Task item:
Please reproduce the data exactly and omit the pictures.

Collected material:
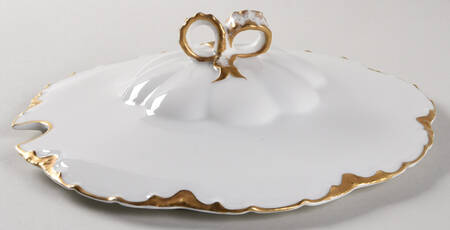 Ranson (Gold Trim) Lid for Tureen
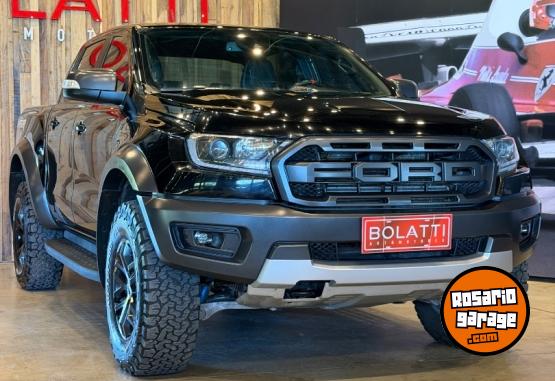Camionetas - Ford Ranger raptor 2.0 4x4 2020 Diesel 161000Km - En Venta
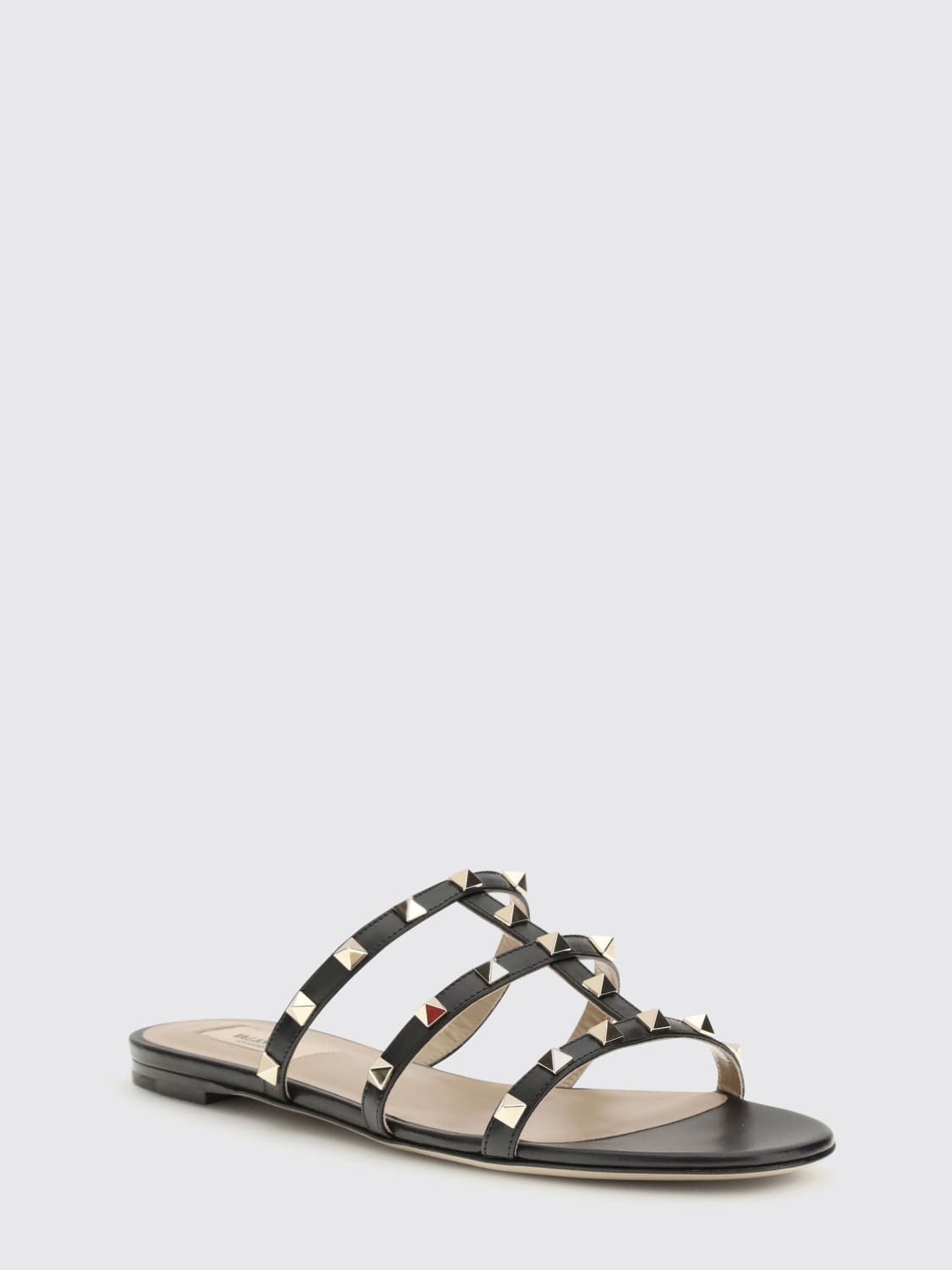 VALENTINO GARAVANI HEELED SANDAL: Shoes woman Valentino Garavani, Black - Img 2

Solution for this exercise:
 Ranson (Gold Trim) Lid for Tureen
Camionetas - Ford Ranger raptor 2.0 4x4 2020 Diesel 161000Km - En Venta
 VALENTINO GARAVANI HEELED SANDAL: Shoes woman Valentino Garavani, Black - Img 2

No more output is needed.